[DATASET EXTRACT]

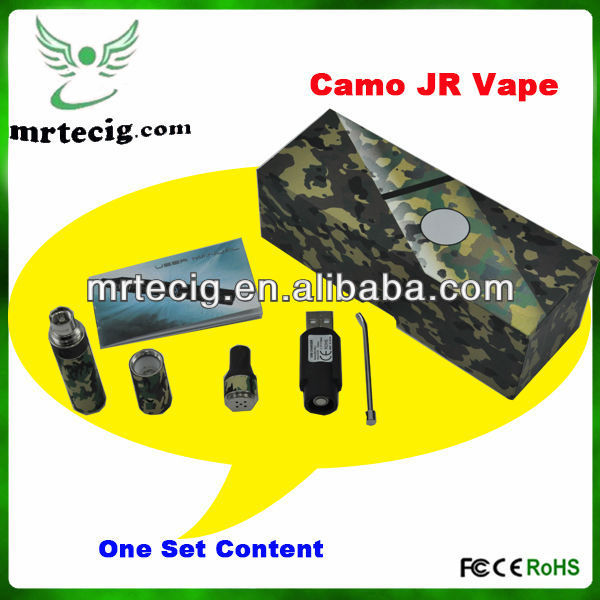 can you order rolling papers online can you order rolling papers online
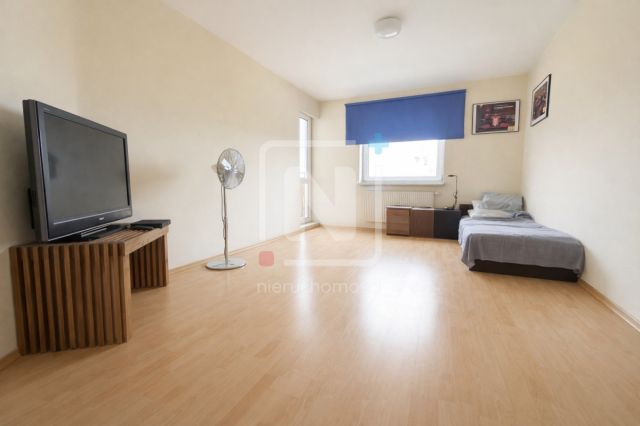 Mieszkanie 2-pokojowe Warszawa Ursus, ul. Górna Droga. Zdjęcie 1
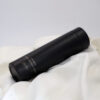 Stainless Steel 304 Thermal Flask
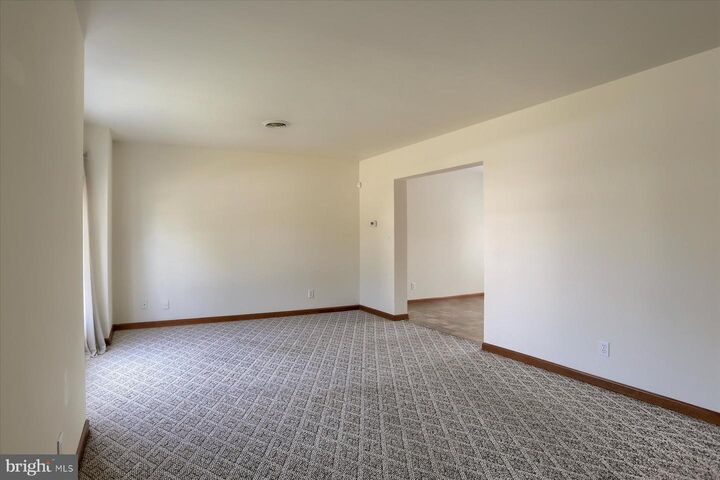 Property Photo:  71 Southmont Drive  PA 17025 
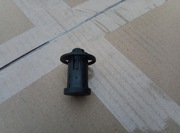 Jeep Compass II, bolec, kołek, styku alarmu od maski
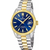 Festina F20085/B | Интернет-магазин оригинальных часов и аксессуаров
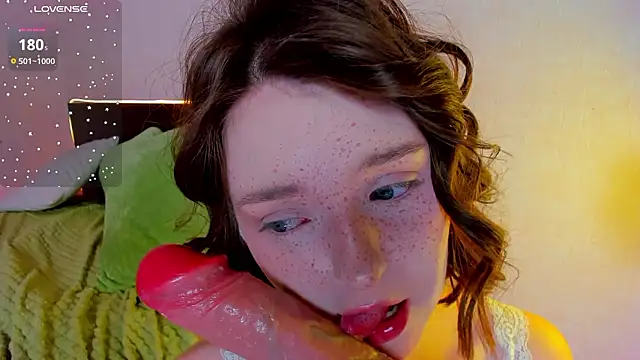 lexxxxxxi live sex cam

[/DATASET EXTRACT]

WHAT THE EXERCISE ASKS:
Nothing but the lines from the one containing "Jeep Compass II, bolec, kołek, styku" through the last line of the data should appear in the answer, copied exactly, with pictures excluded.

RESULT OF THIS EXERCISE:
 Jeep Compass II, bolec, kołek, styku alarmu od maski
 Festina F20085/B | Интернет-магазин оригинальных часов и аксессуаров
 lexxxxxxi live sex cam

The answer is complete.